Slow DNS after 22.05
-
@bmeeks Thanks again for clarifying ... @rcoleman-netgate do you have any further observations on this issue? It does seem to be Netgate-specific.
-
I had to put in a support ticket because I wasn't able to boot my device after trying to rollback to 22.01. While in my support ticket for getting the firmware to reflash I was told about an IP monitoring option "System->Routing->Gateways" edit ipv4 Gateway and to change "Monitor IP" to a public DNS server because the system pings this IP on a consistent basis and some ISPs treat this as a DoS attack and will temporarily block it, then the router will consider the WAN connection down. After using a Google, Cloudflare or OpenDNS server IP address in this field I have not had any issues with unbound on my SG 1100.
-
Datapoint:
I had DNSSEC enabled in 22.01 and the setting carried over into 22.05 when I upgraded this morning.

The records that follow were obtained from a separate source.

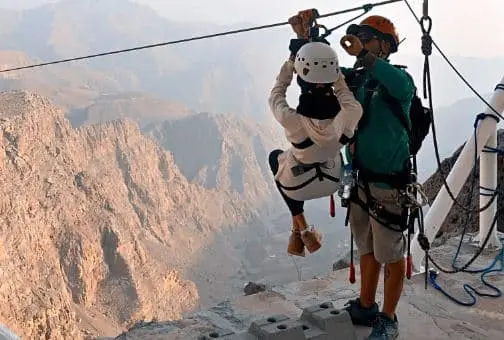 Ras Al Khaimah, l’Emirato della natura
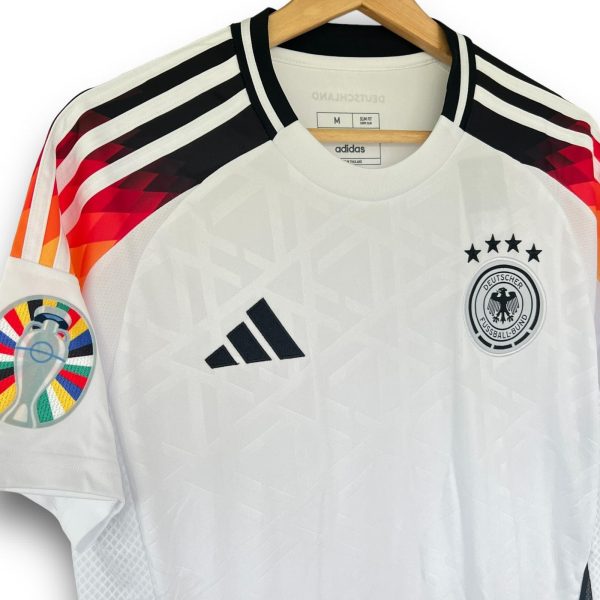 Camiseta Alemania 2024-2025 Local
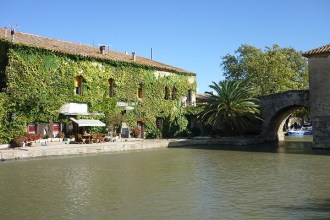 Le-Somail-Canal-du-Midi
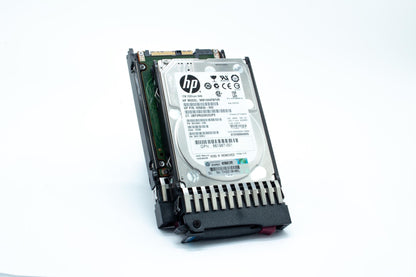 1TB SAS hard drive - 6Gb/s SAS interface, 2.5-inch small form factor (SFF), 7,200 RPM - For use with EVA M6625 disk enclosure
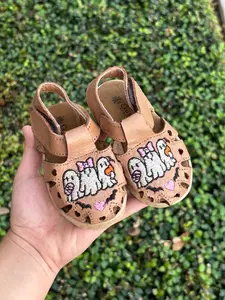 Fantasma Coquette Nina Leathers Sandals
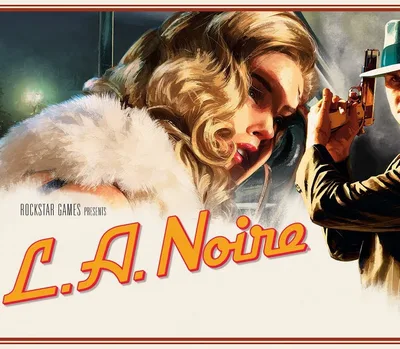 L.A. Noire XBOX One / Xbox Series X|S CD Key — лицензионный ключ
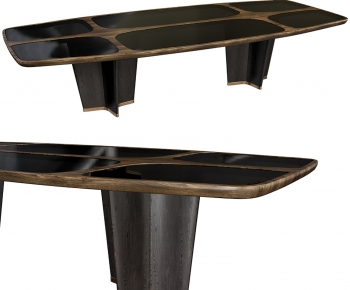 Modern Dining Table-ID:750678062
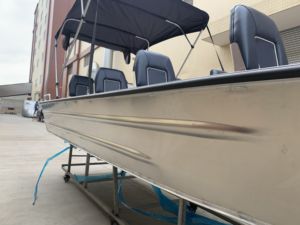 <span class=keywords><strong>Bateau</strong></span> à passagers en aluminium pour 9 personnes, prix avantageux, <span class=keywords><strong>bateau</strong></span> touristique, vente en cours - Product Image 3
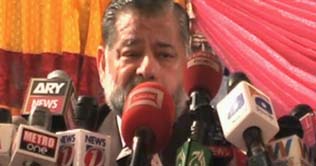 Khawaja Sharif expects conspiracy against judiciary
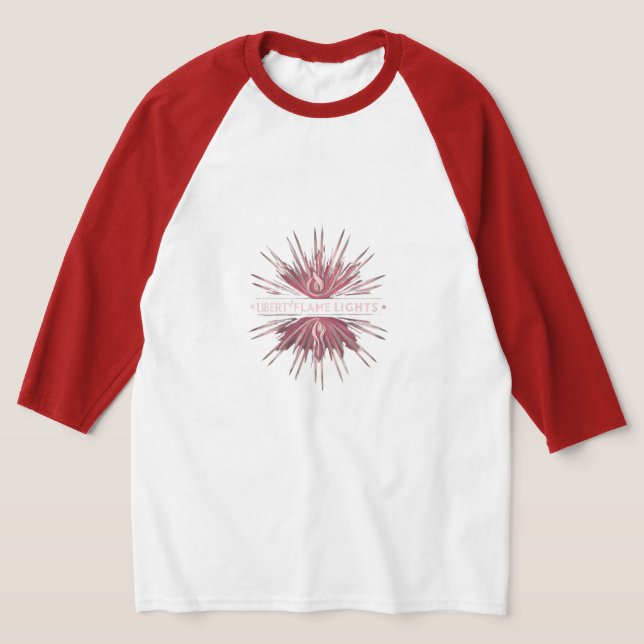T - Shirt der Freiheitsnacht (Ablage )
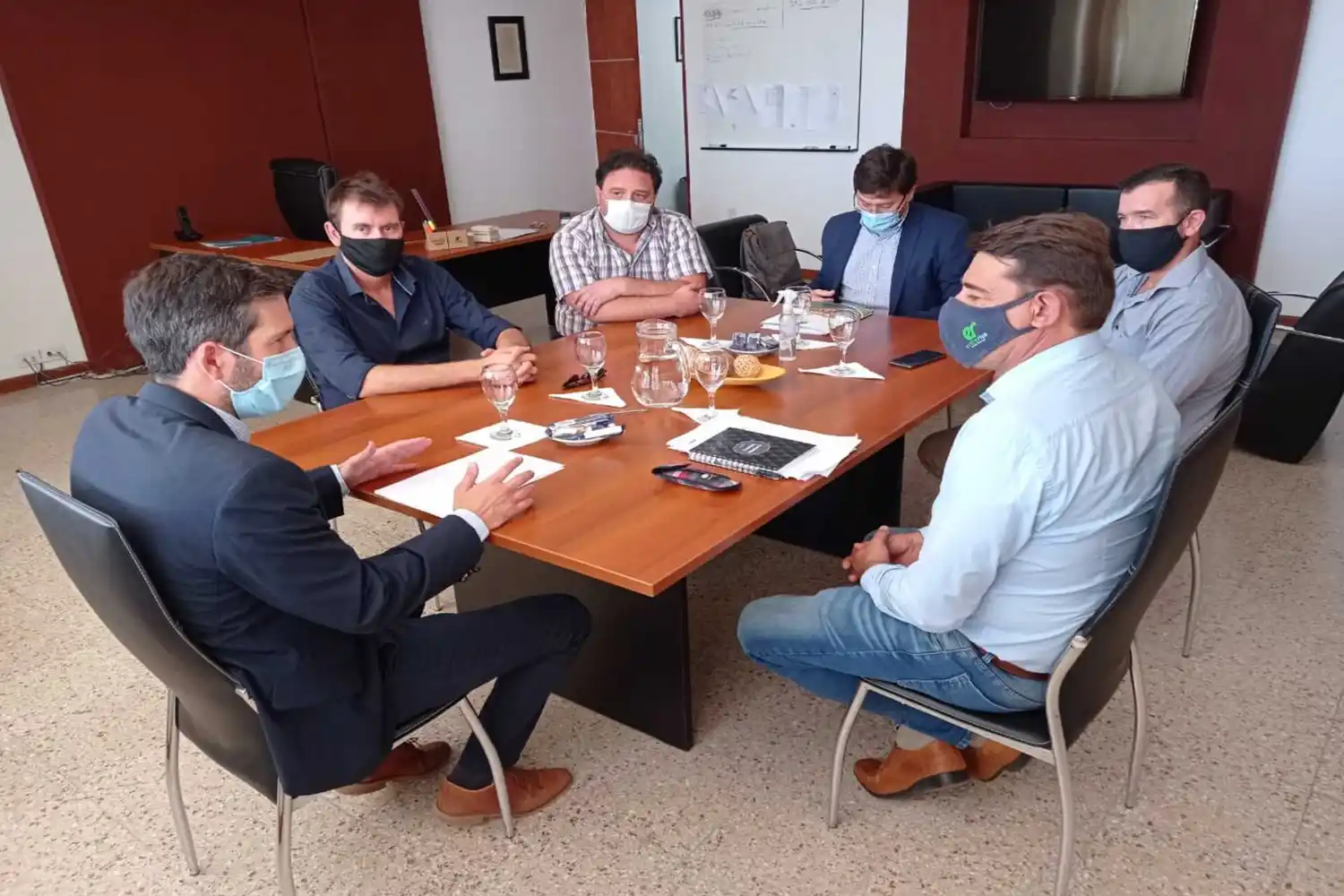 La Provincia asegura que garantizará el transporte para concurrir a las escuelas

After playing with different configs all day, turning off DNSSEC seems to have made things stable for me. I'll keep playing with it.
8jul2022 Update: Nope, it was better after startup but started misbehaving anyway after an hour.
9jul2022 Update: The stable config for me is to disable local DNS resolution and just forward it to the upstream DNS providers. DNSSEC is enabled. I've just added pfBlockerNG-devel into the mix and will see how things work over the day.
9jul2022 Update 2: Had to disable pfBlockerNG-devel due to inability to resolve domains. Just running on unbound only, no filtering.
-
I'm getting a lot of these in the DNS Resolver log with pfBlockerNG-devel uninstalled, DNS forwarding and DNSSEC enabled:
Jul 9 12:43:02 filterdns 82159 failed to resolve host steamusercontent.com will retry later again. Jul 9 12:43:02 filterdns 82159 failed to resolve host steamstatic.com will retry later again. Jul 9 12:43:02 filterdns 82159 failed to resolve host steamcontent.com will retry later again.
-
@lohphat said in Slow DNS after 22.05:
DNS forwarding and DNSSEC enabled:
That is never a good idea, if your going to forward where you forward either does dnssec or it doesn't you asking for it does nothing - other than problematic.
If you forward, uncheck use dnssec in the unbound settings.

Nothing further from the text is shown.